| Work request |
Write the data out again exactly, dropping any images it holds.

| Data shown |
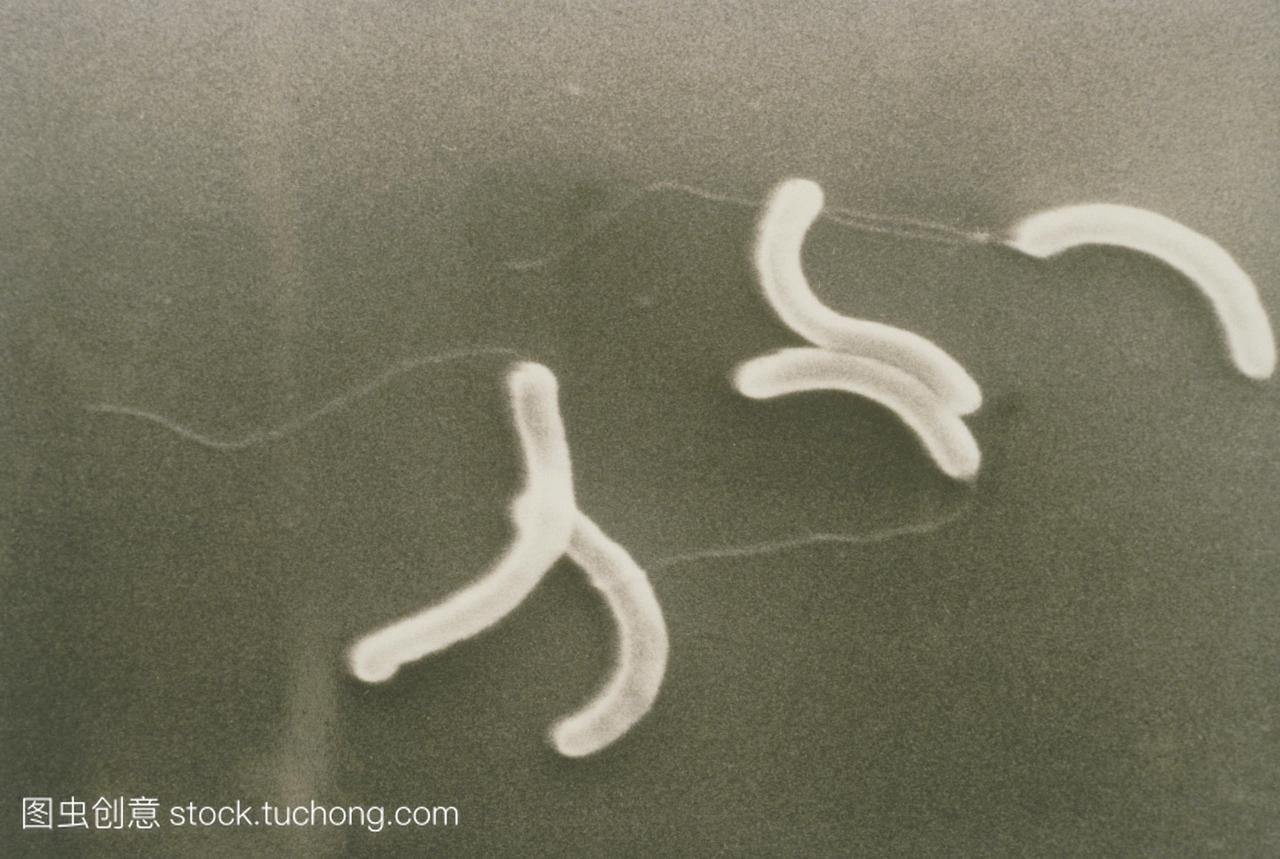 扫描电子显微图sem的逗号形状的细菌,霍乱弧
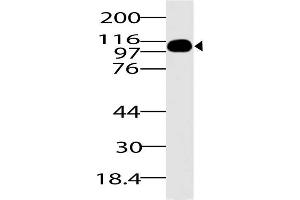 Image no. 1 for anti-DEAD (Asp-Glu-Ala-Asp) Box Polypeptide 58 (DDX58) (AA 1-220) antibody (ABIN5027274) (DDX58 Antikörper  (AA 1-220))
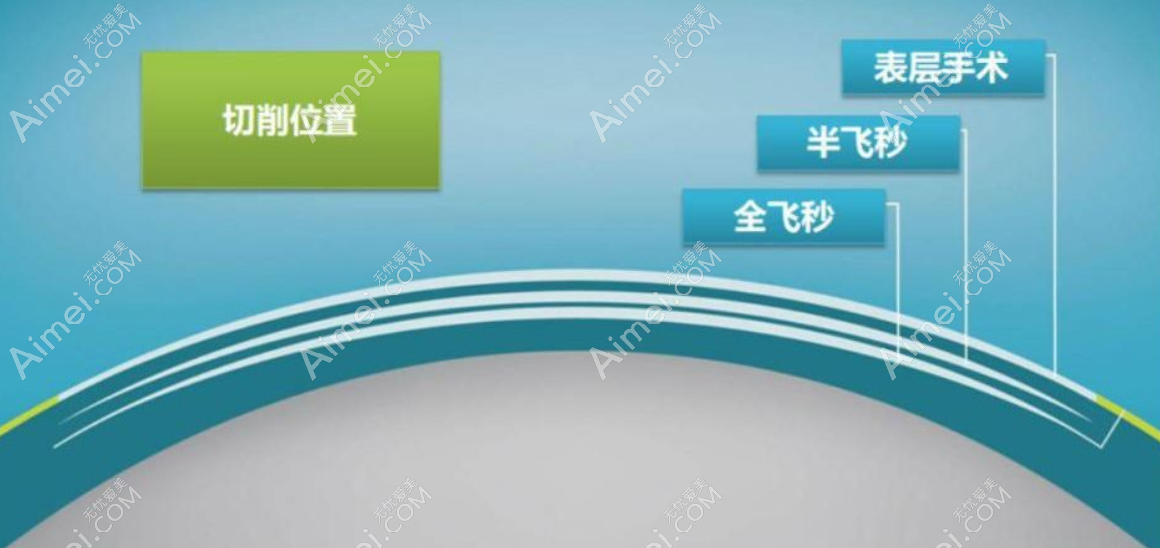 昆明眼科医院全飞秒和半飞秒激光切削位置区别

| Exercise response |
 扫描电子显微图sem的逗号形状的细菌,霍乱弧
 Image no. 1 for anti-DEAD (Asp-Glu-Ala-Asp) Box Polypeptide 58 (DDX58) (AA 1-220) antibody (ABIN5027274) (DDX58 Antikörper  (AA 1-220))
 昆明眼科医院全飞秒和半飞秒激光切削位置区别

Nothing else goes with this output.